Accurate and efficient sampling of interpolated functions

Question

Suppose we are given two interpolated functions

f1 = Interpolation[{{0, 0}, {1, 2}, {3, 5}, {4, 2}, {8, -1}}, InterpolationOrder -> 0];
f2 = Interpolation[{{0, 0}, {1, 3}, {3, 7}, {4, 2}, {8, 0}}, InterpolationOrder -> 1];

and one derived function

f3 = FunctionInterpolation[f1[t] - f2[t], {t, 0., 8.}];

Plotting those functions shows that f3 is not a very accurate representation of the result.

Plot[{f1[t], f2[t], f1[t] - f2[t], f3[t]}, {t, 0, 8}]

This can be improved by defining f3 as follows

f3 = FunctionInterpolation[
       f1[t] - f2[t],
       {t, 0., 8.},
       InterpolationPoints -> 300, 
       InterpolationOrder -> 1
     ];

but at the cost of oversampling.

A simple but rather hacky way to represent f3 more accurately without oversampling is

f3 = Interpolation[
       Cases[Plot[f1[t] - f2[t], {t, 0, 8}], Line[_], Infinity][[1, 1]],
       InterpolationOrder -> 1
     ]

I also tried to construct an InterpolatingFunction from MeshCoordinates@DiscretizeRegion@ImplicitRegion[f1[t] - f2[t] == y, {{t, 0, 8}, {y, -6, 3}}]. However, this does not work out of the box because points are duplicated due to the presence of discontinuities.

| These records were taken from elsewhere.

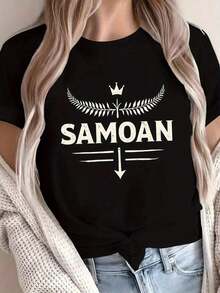 ComfortableCamiseta de Algodón para Mujer con Diseño Vintage de Samoana y Helecho, Camiseta Estampada de Algodón en Tallas GrandesFashion All-match Women's Short Sleeve T-shirt, Basic Style for Inner & Outer Wear - Negro - Ver 7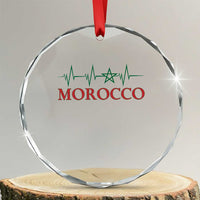 Morocco Crystal Glass Ornament Heartbeat Green Star Patriotic Pride Gift for Proud Moroccan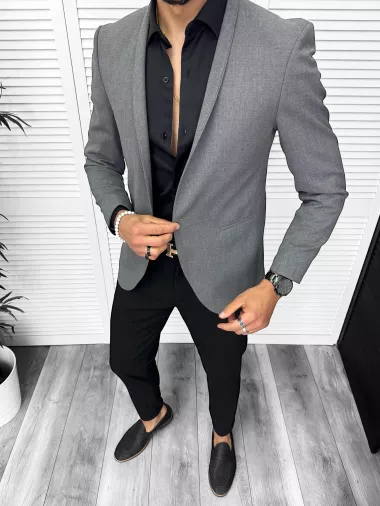 Sacou barbati slim fit gri CK023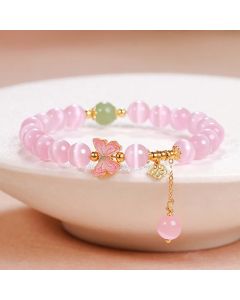 Buddha Stones 925 Sterling Silver Cat's Eye Hetian Jade Butterfly Peace Lock Charm Peace Bracelet - Cat's Eye(Wrist Circumference: 17-19cm)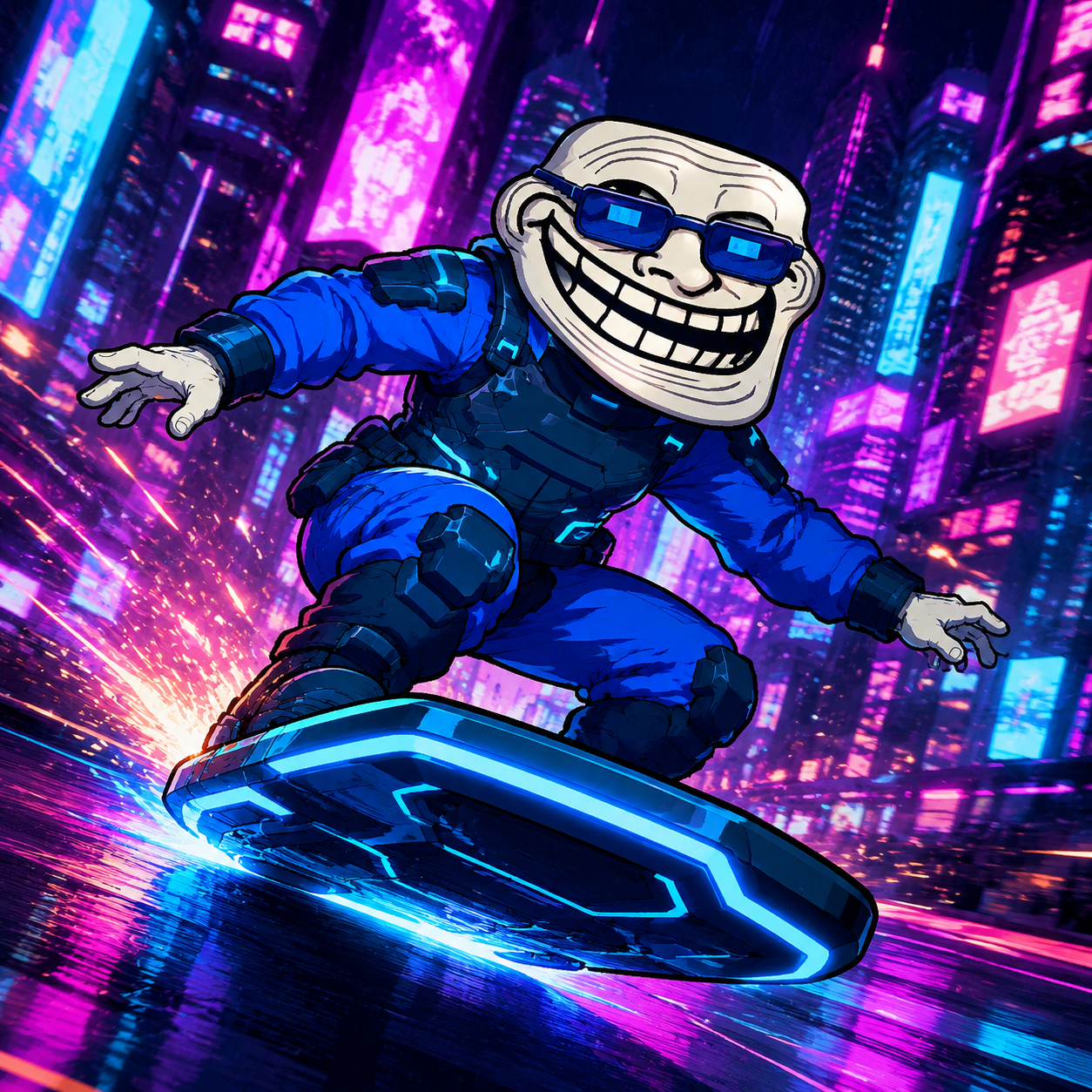 CyberTroll riding a hoverboard through a neon city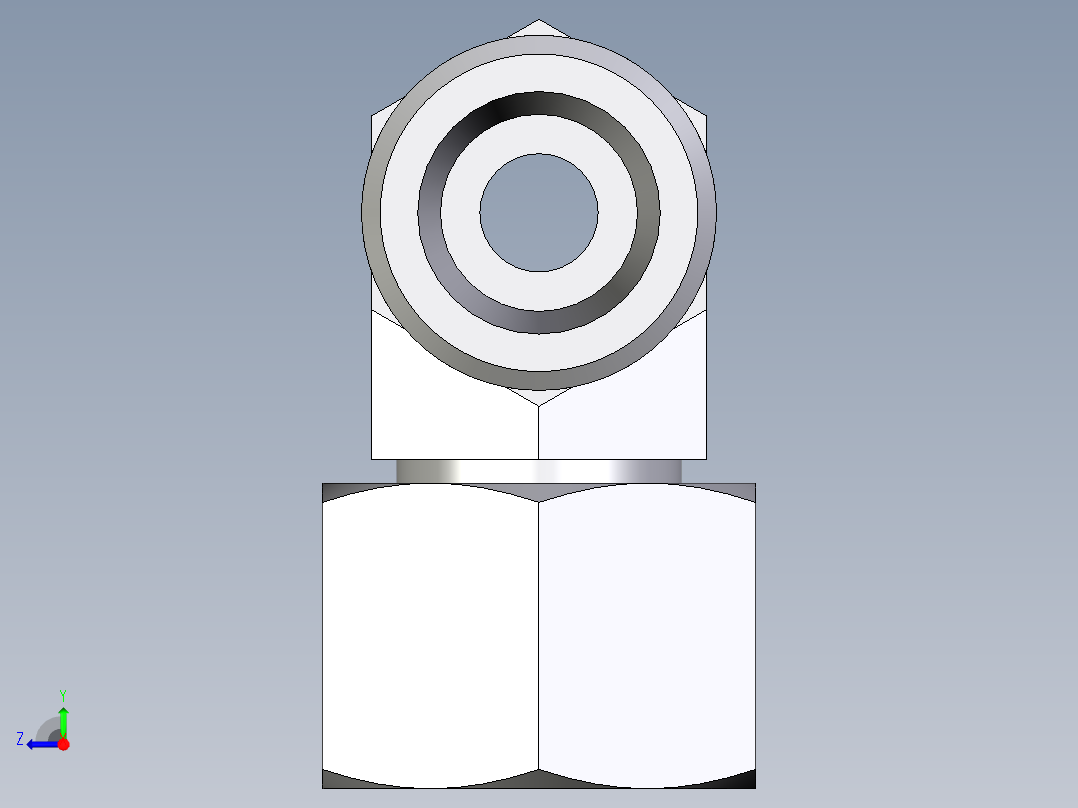 卡套式工业通用硬管接头EO_Swivel_nut_branch_tee_ET10SOMDCF右视图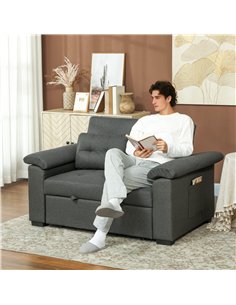HOMCOM Pull Out Sofa Bed, Fabric 2 Seater Click Clack Sofa Bed Settee with 2 Pocket Springs, Convertible Sofa Couch with Pillows 2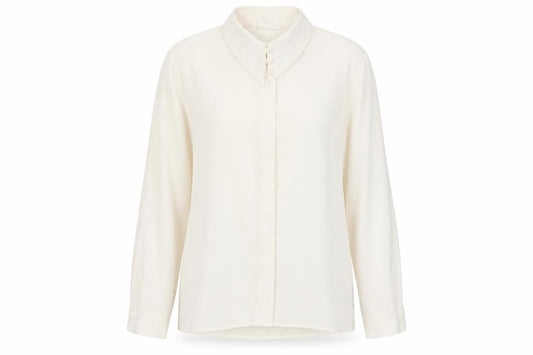 Front view of Richards women’s white polyester basic button-up, size UK 14, collared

How would you approach the problem?

Update: The following use case is one example where accurate and efficient sampling is necessary. Suppose the dependent variable represents a date (AbsoluteTime[DateObject[...]]) and the goal is to construct a TimeSeries object of f1[t] + f2[t] that takes interpolation into account.

Answer 1

First off, @ cvgmt's suggestion f3[t_] := f1[t] - f2[t] seems the easiest and most efficient way to proceed.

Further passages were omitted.